Area B: Land CO2 sources and sinks
Currently, land ecosystems globally represent a significant net carbon sink, driven by natural processes greatly perturbed by a variety of human influences, including past and present land management practices, increasing atmospheric CO2 concentrations, nitrogen deposition and climate change itself. They are also a significant source of anthropogenic greenhouse gas emissions. Natural responses to environmental change and management effects overlap and interact in space and time, making the isolation of different factors (natural and anthropogenic) challenging or even impossible. Projects will aim to further our understanding of the key factors that have driven land carbon fluxes in the past and improving their quantification under present conditions and facilitating their projection under relevant climate and land use scenarios.
Area C: Reconciliation of different land use CO2 emission estimates
The climate science and national emissions reporting communities have historically used different interpretations of anthropogenic land-based CO2 emissions and removals, leading to varying estimates with significant policy implications for assessing climate progress. It is crucial to reconcile these definitions with due consideration for lateral transfers of carbon to ensure comparability across global, regional, and national scales, to foster integration between different expert communities and approaches and to support policy negotiations and decision-making approaches. Through innovative approaches, the projects should enhance confidence in land-use CO2 flux estimates and enable more accurate assessments of national and collective climate progress, as well as alternative land-based climate policy options.

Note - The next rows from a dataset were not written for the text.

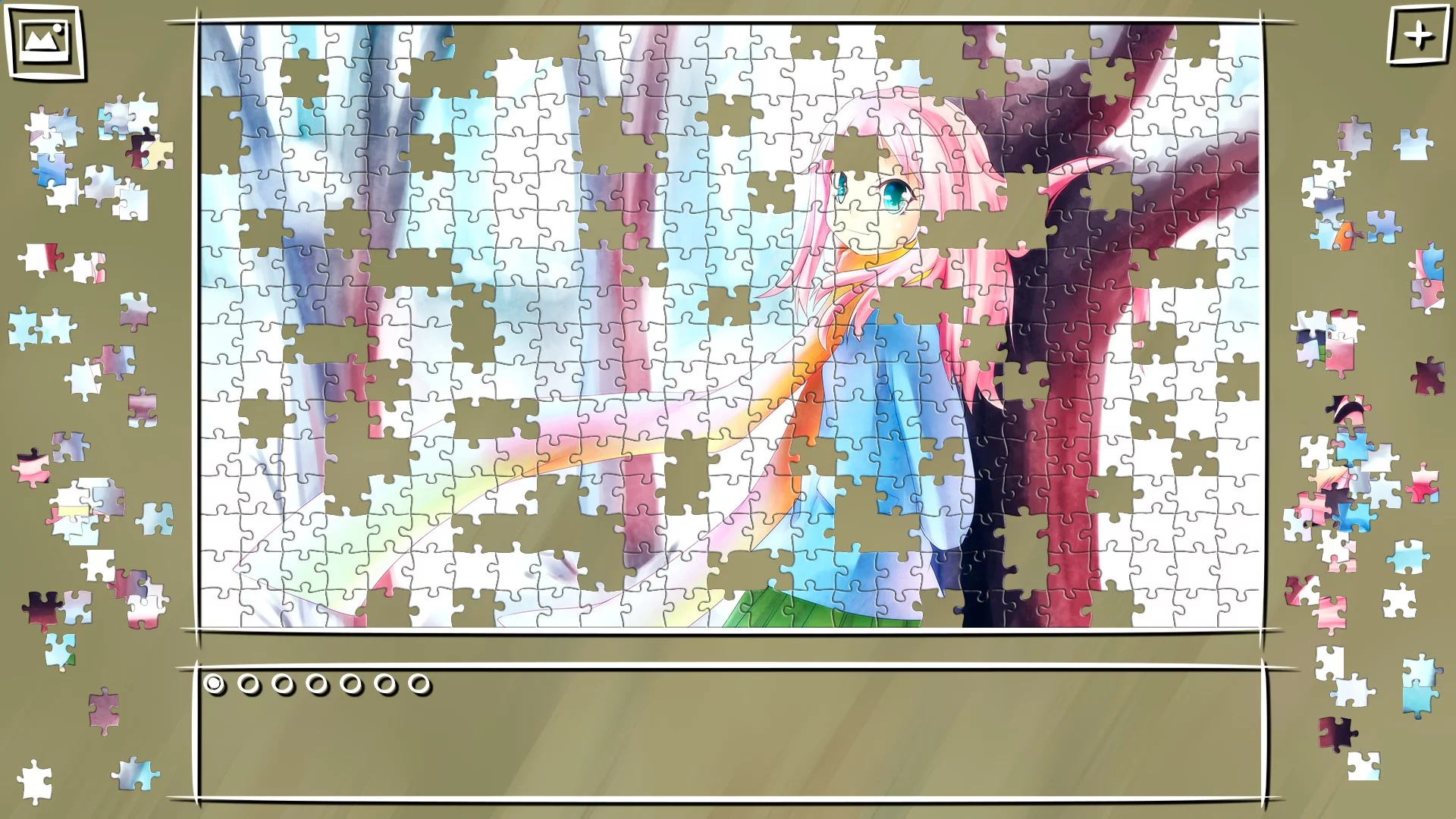 Изображение игры: Super Jigsaw Puzzle: Anime Reloaded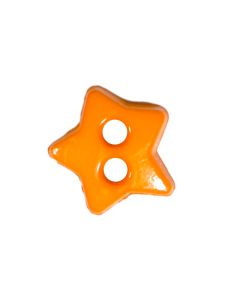 K825 Small Star 15L Orange(123) 2 Hole Button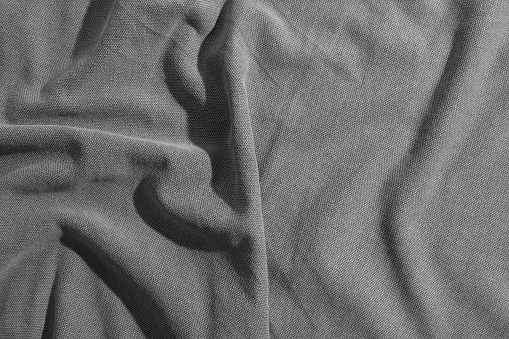 Wrinkled textile fabric
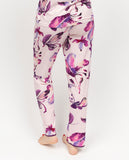 Colette Womens Floral Printed Jersey Pyjama Bottoms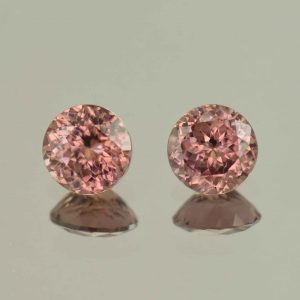 RoseZircon_round_pair_6.5mm_3.12cts_H_zn5789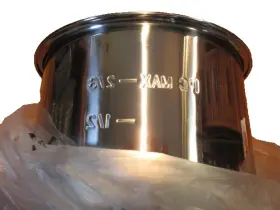 Instant Pot 853084004354 Stainless Steel Inner Cooking 8 Quart - Ip Price 39.95 #2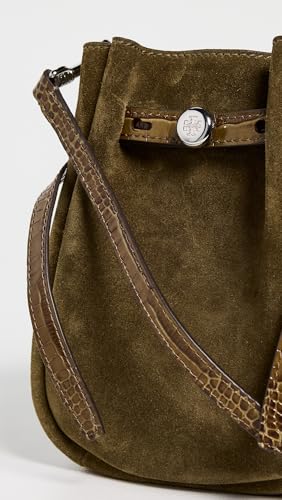 Tory Burch Women's Romy Suede Small Crossbody Bag4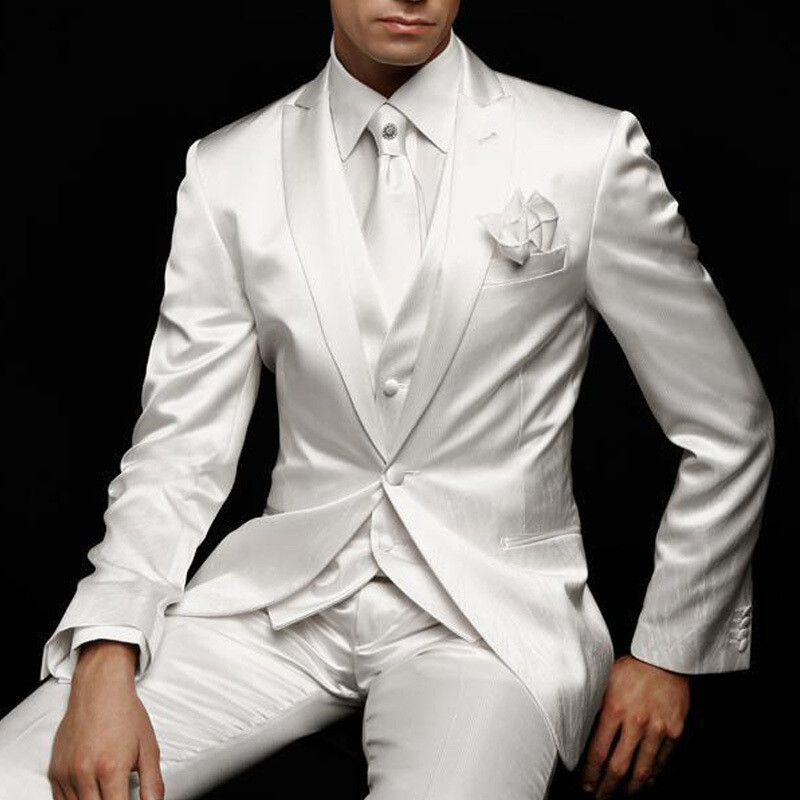 2022 Luxury Men's Suit Business 3PCS(Blazer+Vest+Pants)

[1] https://datahelpdesk.worldbank.org/knowledgebase/articles/906519-world-bank-country-and-lendinggroups; standard Horizon Europe funding rules apply - only participants from some of these countries are automatically eligible for funding
Expected Outcome
Project results are expected to contribute to some of the following expected outcomes:
- Better understanding of oceanic carbon dioxide (CO2) sources and sinks, their drivers and dynamics under different climate scenarios, including their responses to human interventions;
- Better understanding of land ecosystem CO2 sources and sinks, their drivers (both natural and anthropogenic) and their evolution under future climate and land-based mitigation scenarios;
- Progress on reconciling estimates of anthropogenic CO2 emissions and removals from land originating from the climate science and national emissions reporting communities;
- More consistent representation and quantification of lateral transfers of carbon.
Scope
Understanding the mechanisms and drivers of land (including inland waters) and ocean carbon sinks and sources is crucial for accurate climate models and scenarios and informing climate mitigation strategies. However, significant gaps and uncertainties remain in quantifying these complex processes and their components. It is essential to better understand the roles of anthropogenic and natural drivers of carbon fluxes, in particular the surface-to-air flux. This is necessary for reconciling conceptual discrepancies among estimates and assessing the implications for future trends and mitigation potential, taking into account that mitigation actions need to be additional to natural processes and business-as-usual and that the remaining carbon budget depends, inter alia, on assumptions on sinks.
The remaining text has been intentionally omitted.